Steinmetz Gemeinsam mit dem Institut Clavis der Hochschule Niederrhein machen wir eine Unternehmensbefragung zum Thema IT-Sicherheit. Das Bewusstsein für die Gefährdung ist da, es müssen allerdings auch die notwendigen Sicherheitsmaßnahmen ergriffen werden.
Reiners Das Thema Cyber-Sicherheit wird in alle Lebensbereiche eindringen. Es heißt, dass auf zehn Arbeitsplätze in Zukunft ein IT-Sicherheitsarbeitsplatz kommt. Der Bedarf ist immens, die Cyber Alliance ist eine Reaktion darauf. Auch in der kommunalen Verwaltung brauchen wir die Fachkräfte, die dort ausgebildet werden.

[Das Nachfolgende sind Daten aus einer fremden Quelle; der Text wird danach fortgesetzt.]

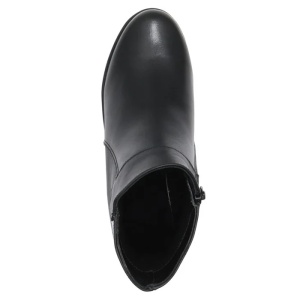 Ghete dama negru casual piele naturala cu talpa groasa Nicolis 157355-Negru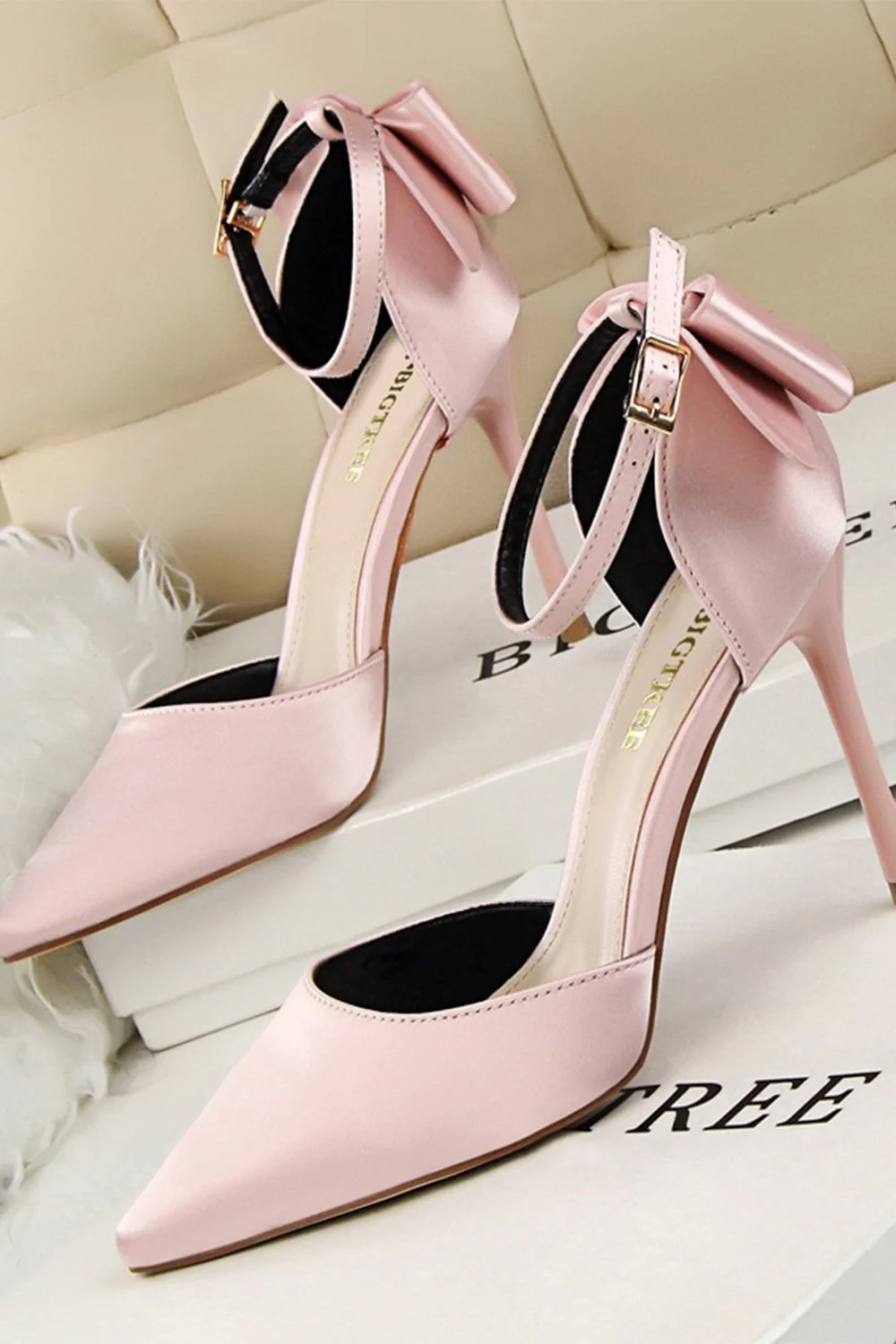 Burgundy Satin Prom Heels with Bowknot - Image 7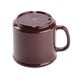 A brown GET plastic mug with a handle.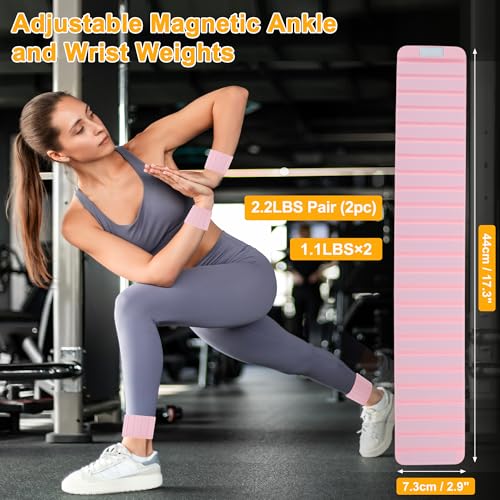 Wrist Weights, 1.1LB Each Stackable Magnetic, Adjustable Ankle Weights for Men & Women, Jogging/Yoga & More, 1 Pair - color: Pink
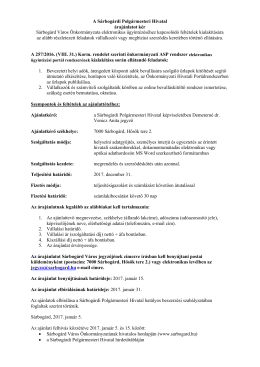 ASP rendszer aj&aacute;nlati felh&iacute;v&aacute;s elektronikus &uuml;gyint&eacute;z&eacute;sre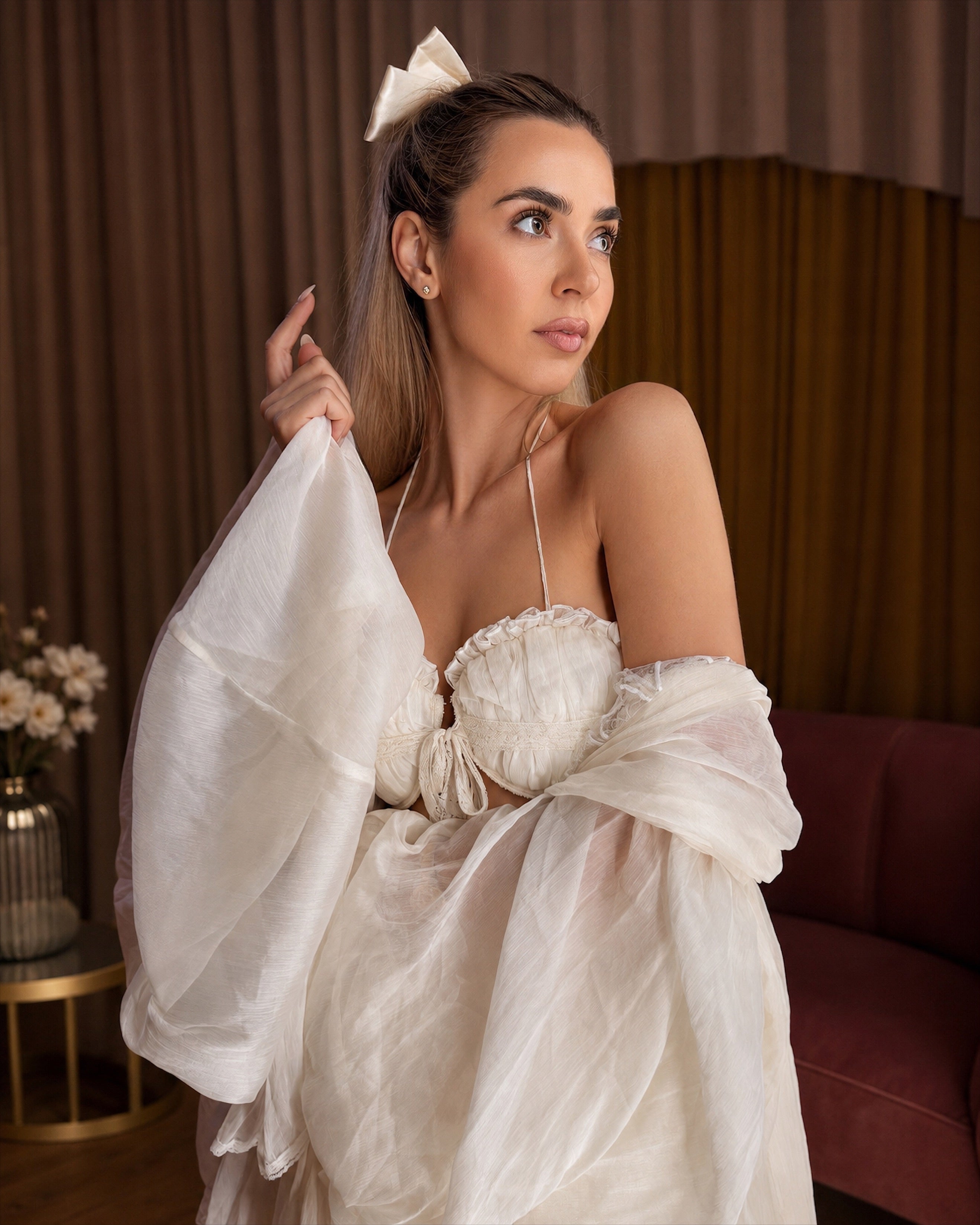 Set Ivory – Cămașă cu Mâneci Ample și Fustă Pantalon, Celestine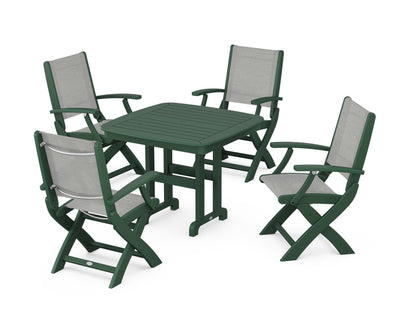POLYWOOD® Coastal Folding Chair 5-Piece Dining Set in Green / Metallic Sling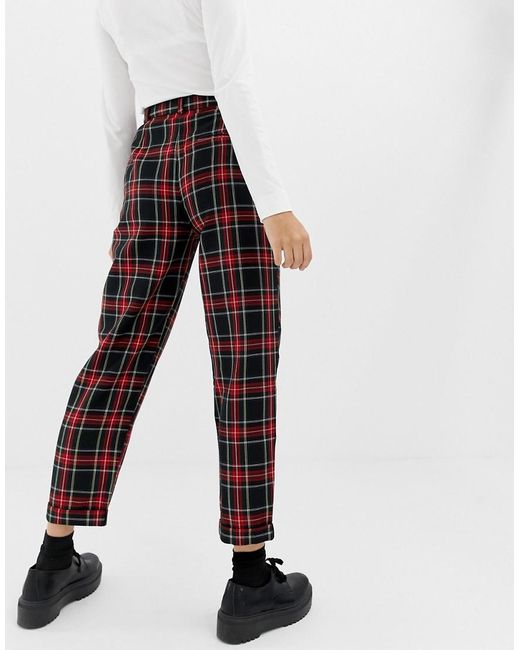 Collusion Denim Tartan Check Trousers 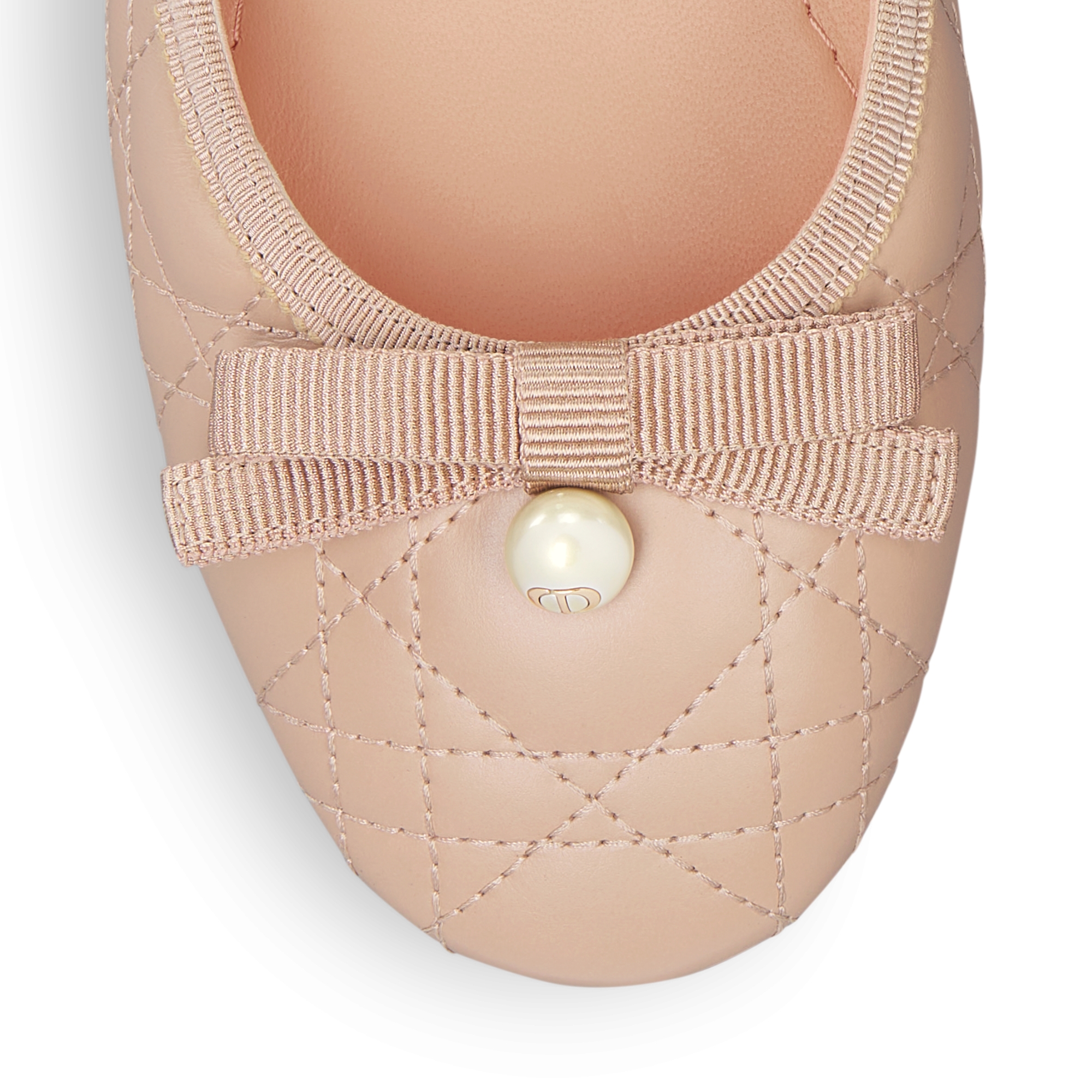 Dior Ballet 露跟高跟鞋 裸色绗缝牛皮革藤格纹 E09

Was kann man Ihrer Ansicht nach noch tun, um die digitale Zukunft sicherer zu machen?

Von Grünberg Schon die Schüler müssen trainiert werden. Coding Schools müssen aufgebaut werden, in denen die Schüler das Programmieren lernen. Genau wie eine Musikschule sollte jede Stadt eine Coding School haben. In Gladbach gibt es erfreulicherweise solche Angebote schon, in Krefeld werden sie auch etabliert. Es wird Zeit, denn bisher gab es in Deutschland keinen Ort, wo man Programmieren lernte. Wir planen zudem, Wissenschaft und Lehrer wie in einem Joint Venture zusammenzubringen. Ich könnte mir vorstellen, dass die Schüler in den Coding Schools sogar schon Creditpoints für das spätere Informatikstudium erwerben können.

Die Cyber Alliance, früher Cybercrime-Akademie genannt, soll jetzt doch nicht auf das Gelände des Polizeipräsidiums. Das befindet sich noch weiter im Besitz des Landes und wird vom BLB (Bau- und Liegenschaftsbetrieb NRW) vermarktet. Hat die Hochschule noch Interesse an einem Erweiterungsareal?

Von Grünberg Das Areal ist riesig. Für die alleinige Nutzung durch die Hochschule ist es zu groß, das überfordert uns. Aber wir würden es gern mit nutzen. Wir haben viele Ideen, und die Sporthalle zum Beispiel würden wir sofort übernehmen. Auch beim Gründer-Thema würden wir direkt mitmachen.
Reiners Wir sind ständig im Gespräch. Das Problem ist, dass der Bau- und Liegenschaftsbetrieb des Landes den Ansatz verfolgt, das Areal in einem Stück zu verkaufen. Wenn die Stadt oder ein städtisches Unternehmen das Areal ohne Ausschreibung erwerben will, muss allerdings Landes- oder öffentliches Interesse für die Nutzung nachgewiesen werden.

Eine Mischnutzung, die Co-Working Space und Platz für Start-ups, Hochschuleinrichtungen, bezahlbares Wohnen und ein Ausweichquartier zum Beispiel für die Verwaltung umfasst, wäre doch im öffentlichen Interesse.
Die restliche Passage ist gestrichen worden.